Hello! I'm building a round, free standing, low profile deck and was hoping to please have someone with a bit more experience double check the specs, especially regarding the spacing of bearers and joists and the post locations. Many thanks in advance!
Details are as follows:
I've been referring to this article by Softwoods SA (linked to by others on Workshop posts) and a few other resources to check that the spans between bearers and joists are ok. To the best of my knowledge I think they are, but it's always best to check
The complexity is that it is a round deck which is also low profile – the joists (aqua) are integrated between the bearers (red).
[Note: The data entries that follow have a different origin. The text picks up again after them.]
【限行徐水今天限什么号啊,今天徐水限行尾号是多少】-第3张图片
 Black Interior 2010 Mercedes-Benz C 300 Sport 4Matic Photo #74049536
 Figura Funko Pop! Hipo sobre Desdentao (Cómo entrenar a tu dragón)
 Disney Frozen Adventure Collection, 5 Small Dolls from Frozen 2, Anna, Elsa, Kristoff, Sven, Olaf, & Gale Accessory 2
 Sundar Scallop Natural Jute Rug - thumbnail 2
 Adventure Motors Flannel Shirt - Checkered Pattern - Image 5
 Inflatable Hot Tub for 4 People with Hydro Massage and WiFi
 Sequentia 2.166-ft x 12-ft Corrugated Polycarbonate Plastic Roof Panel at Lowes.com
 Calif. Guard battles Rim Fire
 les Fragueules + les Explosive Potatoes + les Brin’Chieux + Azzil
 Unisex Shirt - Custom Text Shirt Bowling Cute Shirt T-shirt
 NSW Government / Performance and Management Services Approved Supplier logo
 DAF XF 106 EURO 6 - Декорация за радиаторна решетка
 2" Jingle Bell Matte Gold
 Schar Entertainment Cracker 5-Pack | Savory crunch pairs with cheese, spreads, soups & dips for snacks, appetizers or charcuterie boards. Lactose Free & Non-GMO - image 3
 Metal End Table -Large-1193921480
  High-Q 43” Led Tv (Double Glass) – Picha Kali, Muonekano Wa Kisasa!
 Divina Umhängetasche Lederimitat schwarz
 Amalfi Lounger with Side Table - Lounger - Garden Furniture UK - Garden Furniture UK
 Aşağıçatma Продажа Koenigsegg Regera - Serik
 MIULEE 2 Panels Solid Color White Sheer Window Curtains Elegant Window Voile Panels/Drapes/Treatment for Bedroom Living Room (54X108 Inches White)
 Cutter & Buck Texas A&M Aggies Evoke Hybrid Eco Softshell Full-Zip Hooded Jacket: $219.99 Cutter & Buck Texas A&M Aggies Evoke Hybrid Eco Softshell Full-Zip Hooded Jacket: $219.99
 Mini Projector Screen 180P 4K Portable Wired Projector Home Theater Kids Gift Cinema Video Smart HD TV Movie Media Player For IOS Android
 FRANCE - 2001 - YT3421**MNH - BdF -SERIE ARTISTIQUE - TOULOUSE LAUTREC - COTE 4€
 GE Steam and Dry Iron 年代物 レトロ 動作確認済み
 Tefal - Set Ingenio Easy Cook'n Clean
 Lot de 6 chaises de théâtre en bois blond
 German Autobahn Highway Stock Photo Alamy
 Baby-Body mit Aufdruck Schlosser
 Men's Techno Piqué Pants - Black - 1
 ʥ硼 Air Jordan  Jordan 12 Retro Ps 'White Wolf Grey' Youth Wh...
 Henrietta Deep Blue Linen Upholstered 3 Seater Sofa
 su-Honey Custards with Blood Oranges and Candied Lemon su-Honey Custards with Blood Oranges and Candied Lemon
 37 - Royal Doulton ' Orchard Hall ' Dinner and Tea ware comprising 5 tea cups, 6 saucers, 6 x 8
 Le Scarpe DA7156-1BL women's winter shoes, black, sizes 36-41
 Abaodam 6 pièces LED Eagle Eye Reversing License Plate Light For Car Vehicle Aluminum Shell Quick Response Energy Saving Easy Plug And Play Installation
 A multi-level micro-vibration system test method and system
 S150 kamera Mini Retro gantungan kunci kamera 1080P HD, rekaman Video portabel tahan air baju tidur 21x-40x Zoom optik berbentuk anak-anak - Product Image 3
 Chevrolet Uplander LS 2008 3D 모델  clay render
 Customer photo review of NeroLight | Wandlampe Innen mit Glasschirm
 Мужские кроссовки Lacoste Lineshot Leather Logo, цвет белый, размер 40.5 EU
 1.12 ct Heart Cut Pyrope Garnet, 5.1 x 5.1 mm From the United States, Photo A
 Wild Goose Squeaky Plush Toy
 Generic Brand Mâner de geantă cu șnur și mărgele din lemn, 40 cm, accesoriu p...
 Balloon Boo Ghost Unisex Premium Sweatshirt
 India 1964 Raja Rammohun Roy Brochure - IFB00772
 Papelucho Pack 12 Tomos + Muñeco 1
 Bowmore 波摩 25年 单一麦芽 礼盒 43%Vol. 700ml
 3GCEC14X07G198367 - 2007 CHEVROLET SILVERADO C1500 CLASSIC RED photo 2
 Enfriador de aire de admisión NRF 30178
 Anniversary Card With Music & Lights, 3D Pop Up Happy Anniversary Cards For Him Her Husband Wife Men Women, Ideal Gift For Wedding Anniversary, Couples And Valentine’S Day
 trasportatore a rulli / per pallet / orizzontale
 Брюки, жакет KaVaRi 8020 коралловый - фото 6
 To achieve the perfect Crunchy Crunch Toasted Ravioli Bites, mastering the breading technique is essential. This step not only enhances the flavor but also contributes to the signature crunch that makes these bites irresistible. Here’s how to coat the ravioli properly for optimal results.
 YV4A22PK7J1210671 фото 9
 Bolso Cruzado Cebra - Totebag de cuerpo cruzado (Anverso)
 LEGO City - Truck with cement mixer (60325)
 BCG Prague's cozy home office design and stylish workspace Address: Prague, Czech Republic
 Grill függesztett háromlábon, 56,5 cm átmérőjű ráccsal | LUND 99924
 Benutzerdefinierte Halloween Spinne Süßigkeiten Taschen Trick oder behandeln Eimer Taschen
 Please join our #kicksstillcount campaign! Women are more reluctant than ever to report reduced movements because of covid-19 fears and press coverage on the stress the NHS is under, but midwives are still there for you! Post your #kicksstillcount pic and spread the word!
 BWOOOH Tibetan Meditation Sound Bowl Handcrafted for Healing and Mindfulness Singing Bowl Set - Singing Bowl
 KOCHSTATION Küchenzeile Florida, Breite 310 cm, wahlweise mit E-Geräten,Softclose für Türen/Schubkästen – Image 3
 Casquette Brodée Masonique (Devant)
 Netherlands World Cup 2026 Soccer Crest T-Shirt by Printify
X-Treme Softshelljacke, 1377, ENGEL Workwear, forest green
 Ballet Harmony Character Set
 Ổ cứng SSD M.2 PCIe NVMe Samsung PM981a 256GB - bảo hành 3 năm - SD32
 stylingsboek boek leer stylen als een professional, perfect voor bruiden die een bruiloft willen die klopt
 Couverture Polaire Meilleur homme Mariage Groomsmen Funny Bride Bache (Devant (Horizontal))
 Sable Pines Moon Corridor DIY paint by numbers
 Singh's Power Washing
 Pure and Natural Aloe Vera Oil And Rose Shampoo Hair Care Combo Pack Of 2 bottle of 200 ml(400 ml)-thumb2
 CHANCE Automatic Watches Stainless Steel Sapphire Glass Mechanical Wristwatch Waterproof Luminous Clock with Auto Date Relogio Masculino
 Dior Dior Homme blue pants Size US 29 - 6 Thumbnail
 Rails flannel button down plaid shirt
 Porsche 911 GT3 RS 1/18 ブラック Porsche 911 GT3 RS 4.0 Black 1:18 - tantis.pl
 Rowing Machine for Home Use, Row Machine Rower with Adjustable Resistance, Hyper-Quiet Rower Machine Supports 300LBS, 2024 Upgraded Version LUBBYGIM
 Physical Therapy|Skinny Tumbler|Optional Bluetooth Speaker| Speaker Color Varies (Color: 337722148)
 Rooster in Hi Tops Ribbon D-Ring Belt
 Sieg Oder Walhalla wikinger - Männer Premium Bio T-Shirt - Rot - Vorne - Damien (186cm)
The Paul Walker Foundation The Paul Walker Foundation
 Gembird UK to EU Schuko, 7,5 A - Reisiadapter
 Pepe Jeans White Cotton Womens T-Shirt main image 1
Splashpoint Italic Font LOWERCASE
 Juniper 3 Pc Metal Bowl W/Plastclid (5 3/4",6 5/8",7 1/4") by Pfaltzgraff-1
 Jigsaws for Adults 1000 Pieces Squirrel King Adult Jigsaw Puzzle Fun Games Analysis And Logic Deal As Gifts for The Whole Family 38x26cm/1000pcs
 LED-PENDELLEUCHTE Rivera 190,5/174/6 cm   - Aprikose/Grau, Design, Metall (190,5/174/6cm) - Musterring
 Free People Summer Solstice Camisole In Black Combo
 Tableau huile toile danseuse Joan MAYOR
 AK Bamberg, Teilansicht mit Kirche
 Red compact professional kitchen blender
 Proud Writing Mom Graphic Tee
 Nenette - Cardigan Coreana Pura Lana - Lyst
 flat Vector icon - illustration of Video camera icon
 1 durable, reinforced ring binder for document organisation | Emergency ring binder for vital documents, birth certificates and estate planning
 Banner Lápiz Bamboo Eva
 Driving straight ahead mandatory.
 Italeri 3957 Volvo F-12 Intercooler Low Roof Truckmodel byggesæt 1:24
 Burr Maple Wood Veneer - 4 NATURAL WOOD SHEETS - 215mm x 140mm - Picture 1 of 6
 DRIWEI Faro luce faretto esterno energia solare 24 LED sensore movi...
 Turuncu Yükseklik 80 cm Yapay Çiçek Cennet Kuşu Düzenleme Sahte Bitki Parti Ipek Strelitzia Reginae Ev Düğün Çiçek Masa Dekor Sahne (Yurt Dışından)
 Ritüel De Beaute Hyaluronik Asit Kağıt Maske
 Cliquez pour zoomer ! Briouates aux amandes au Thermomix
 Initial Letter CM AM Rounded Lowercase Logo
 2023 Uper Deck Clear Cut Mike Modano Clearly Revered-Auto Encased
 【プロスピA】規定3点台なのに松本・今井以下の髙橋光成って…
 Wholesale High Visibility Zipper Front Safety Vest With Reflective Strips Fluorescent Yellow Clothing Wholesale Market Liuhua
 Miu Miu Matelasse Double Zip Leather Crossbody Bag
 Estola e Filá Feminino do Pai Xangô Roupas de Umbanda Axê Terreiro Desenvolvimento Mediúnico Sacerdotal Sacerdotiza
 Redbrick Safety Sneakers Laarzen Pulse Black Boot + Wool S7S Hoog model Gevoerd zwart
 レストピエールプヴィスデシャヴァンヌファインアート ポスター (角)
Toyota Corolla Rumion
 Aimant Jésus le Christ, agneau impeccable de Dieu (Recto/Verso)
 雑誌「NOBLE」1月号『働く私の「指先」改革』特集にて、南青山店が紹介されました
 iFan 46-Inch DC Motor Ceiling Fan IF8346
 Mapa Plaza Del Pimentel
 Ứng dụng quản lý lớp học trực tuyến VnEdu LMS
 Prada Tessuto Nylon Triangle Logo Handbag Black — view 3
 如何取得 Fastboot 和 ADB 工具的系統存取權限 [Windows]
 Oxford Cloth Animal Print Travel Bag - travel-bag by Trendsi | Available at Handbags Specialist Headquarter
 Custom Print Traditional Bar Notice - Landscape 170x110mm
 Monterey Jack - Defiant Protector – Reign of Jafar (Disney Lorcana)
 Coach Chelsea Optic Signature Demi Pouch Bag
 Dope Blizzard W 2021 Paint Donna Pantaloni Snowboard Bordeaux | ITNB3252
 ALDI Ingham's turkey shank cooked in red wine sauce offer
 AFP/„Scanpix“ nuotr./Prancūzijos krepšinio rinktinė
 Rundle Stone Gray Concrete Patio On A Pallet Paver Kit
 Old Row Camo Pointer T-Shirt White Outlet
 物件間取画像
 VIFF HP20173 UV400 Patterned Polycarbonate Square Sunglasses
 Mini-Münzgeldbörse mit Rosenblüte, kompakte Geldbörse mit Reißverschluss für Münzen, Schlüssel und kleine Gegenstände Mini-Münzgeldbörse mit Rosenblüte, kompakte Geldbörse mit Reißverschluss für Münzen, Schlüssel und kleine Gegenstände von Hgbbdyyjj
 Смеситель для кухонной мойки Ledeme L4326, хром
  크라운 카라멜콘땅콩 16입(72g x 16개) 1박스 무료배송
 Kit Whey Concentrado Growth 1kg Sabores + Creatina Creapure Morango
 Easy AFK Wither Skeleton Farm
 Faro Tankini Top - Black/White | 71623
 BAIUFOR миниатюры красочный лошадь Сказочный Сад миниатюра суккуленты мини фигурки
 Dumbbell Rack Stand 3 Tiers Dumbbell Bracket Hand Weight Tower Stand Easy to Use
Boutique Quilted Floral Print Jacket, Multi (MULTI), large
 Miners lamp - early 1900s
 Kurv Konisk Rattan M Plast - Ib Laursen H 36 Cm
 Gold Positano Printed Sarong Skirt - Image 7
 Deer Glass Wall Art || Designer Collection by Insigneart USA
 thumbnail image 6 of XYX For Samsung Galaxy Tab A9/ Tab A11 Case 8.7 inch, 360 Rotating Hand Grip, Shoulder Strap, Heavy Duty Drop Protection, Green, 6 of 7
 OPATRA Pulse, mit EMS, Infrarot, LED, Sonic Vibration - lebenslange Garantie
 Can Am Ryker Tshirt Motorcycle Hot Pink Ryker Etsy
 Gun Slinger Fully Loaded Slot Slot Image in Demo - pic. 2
Blue indicates the locations where posts will attach and yellow are additional joists. Pink reflects what is essentially packing timber to allow me to affix the cladding around the perimeter. The cladding will be thin rusted steel which is positioned lower than the lip of the decking so there isn't risk of cutting your feet on it. I haven’t included this cladding in the drawing, nor have I included the decking planks.
My questions are:
1) Are my spans of 850mm between bearers and 450mm between joists acceptable?
2) Is using 90x45mm H3 timber for all the bearers and joists will be ok?
3) Is using 10 stirrup posts enough?
4) If i use 90x45 bearers there will be a 10mm (or so) gap between the flat horizontal top of the L-shaped stirrups and the bottom of the bearers. This is due to where the pre-drilled holes are in the vertical part of the stirrups. How should I resolve this to maintain the strength of the joint? Alternatively, should I just use H4 posts instead to simplify things?
Thanks for your feedback and advice!
Sounds like a fantastic project @midas. We are really looking forward to seeing what you can achieve. I'm sure our ever-helpful community members like @EricL, @Adam_W, @Tara86, @tom_builds and @TedBear will be happy to assist as much as they can.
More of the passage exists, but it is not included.